# Instructions for the task
Any images in the material are to be dropped while every line is retyped exactly.

# Dataset section
══════

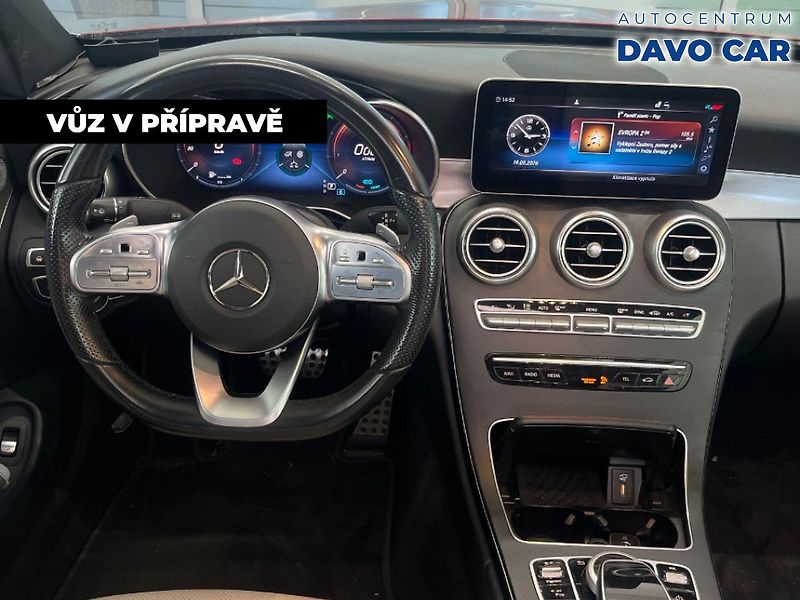 Mercedes-Benz Třídy C 2,0 300 190kW 4MATIC CZ DPH - fotka 3 z 12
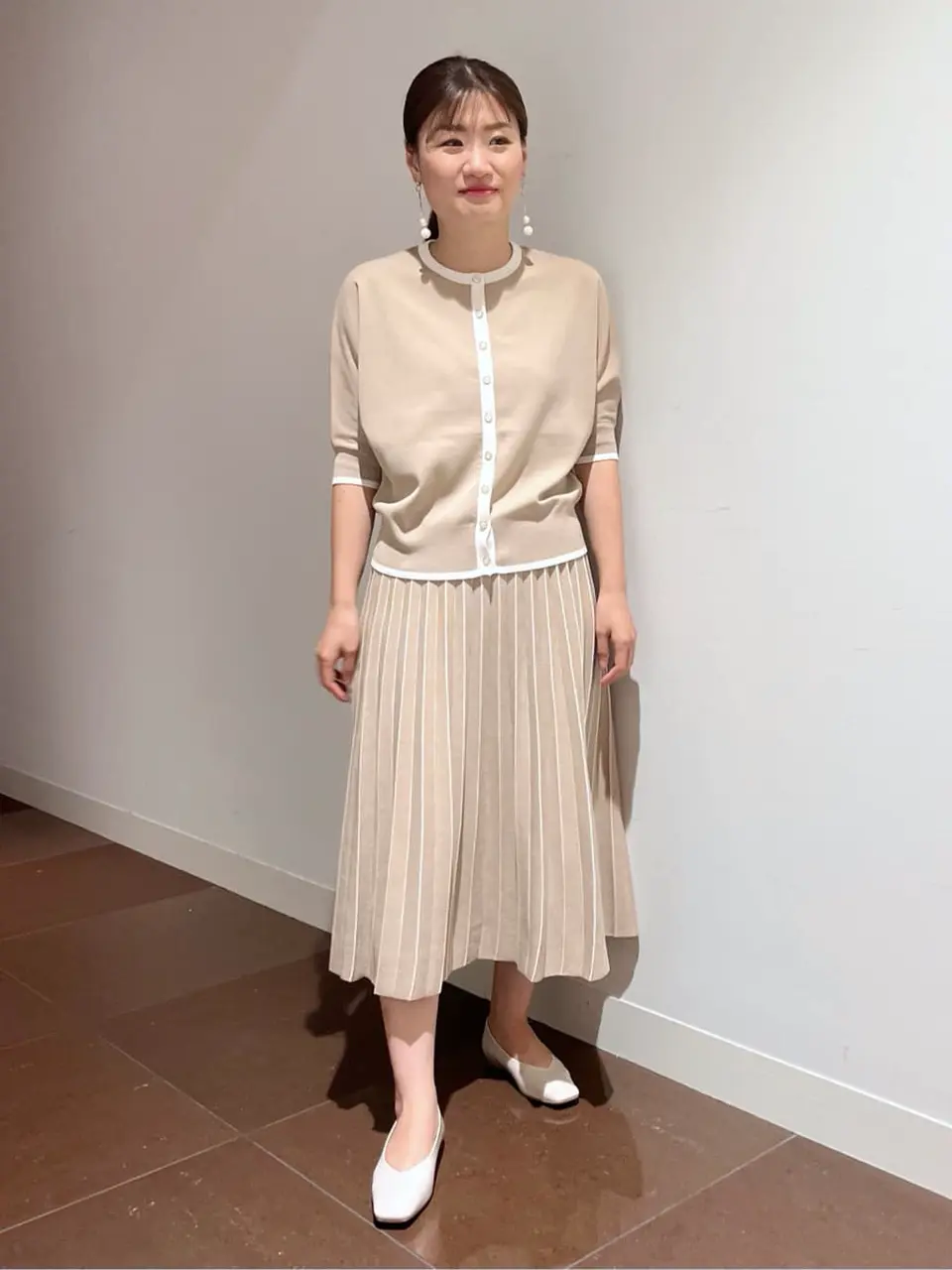 自由区 古宮 コーディネート画像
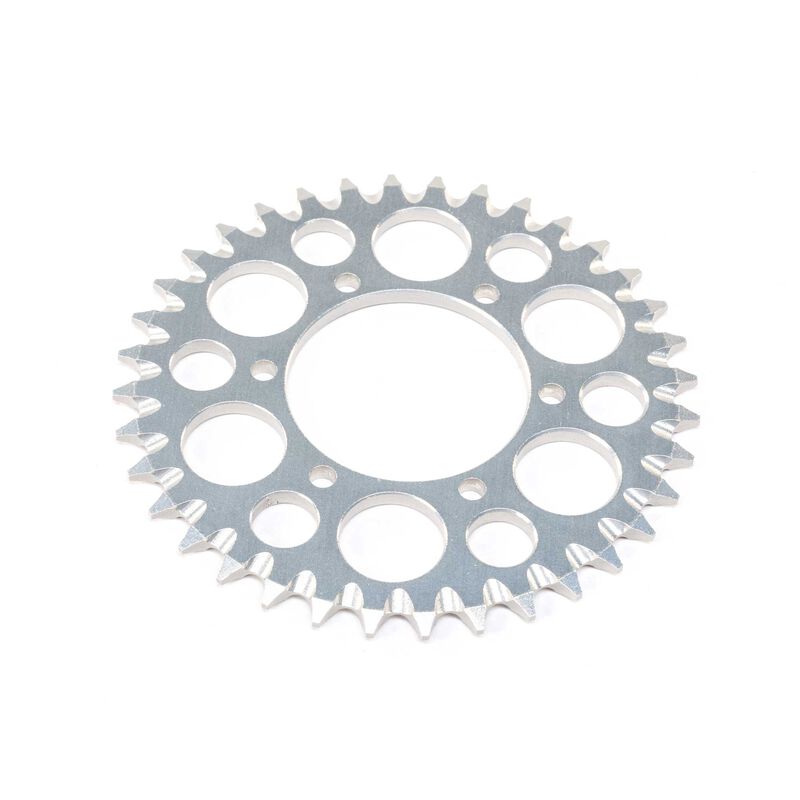 Hub Chain Sprocket, Clear: Promoto-MX Losi LOS262003
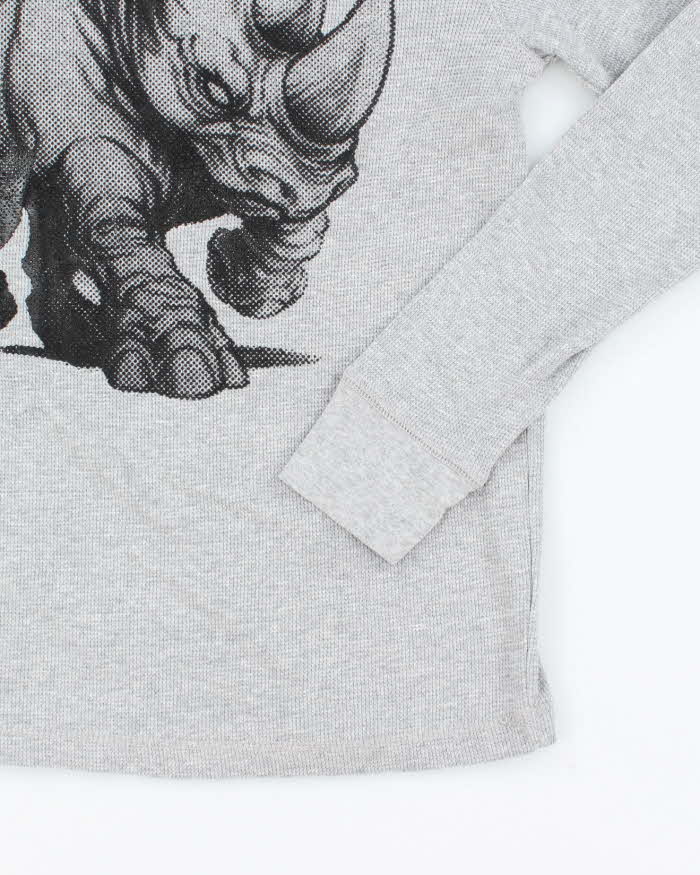 Men's Ecko Unltd Waffle Thermal T-Shirt - XS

══════

# Solution for this exercise
 Mercedes-Benz Třídy C 2,0 300 190kW 4MATIC CZ DPH - fotka 3 z 12
 自由区 古宮 コーディネート画像
 Hub Chain Sprocket, Clear: Promoto-MX Losi LOS262003
 Men's Ecko Unltd Waffle Thermal T-Shirt - XS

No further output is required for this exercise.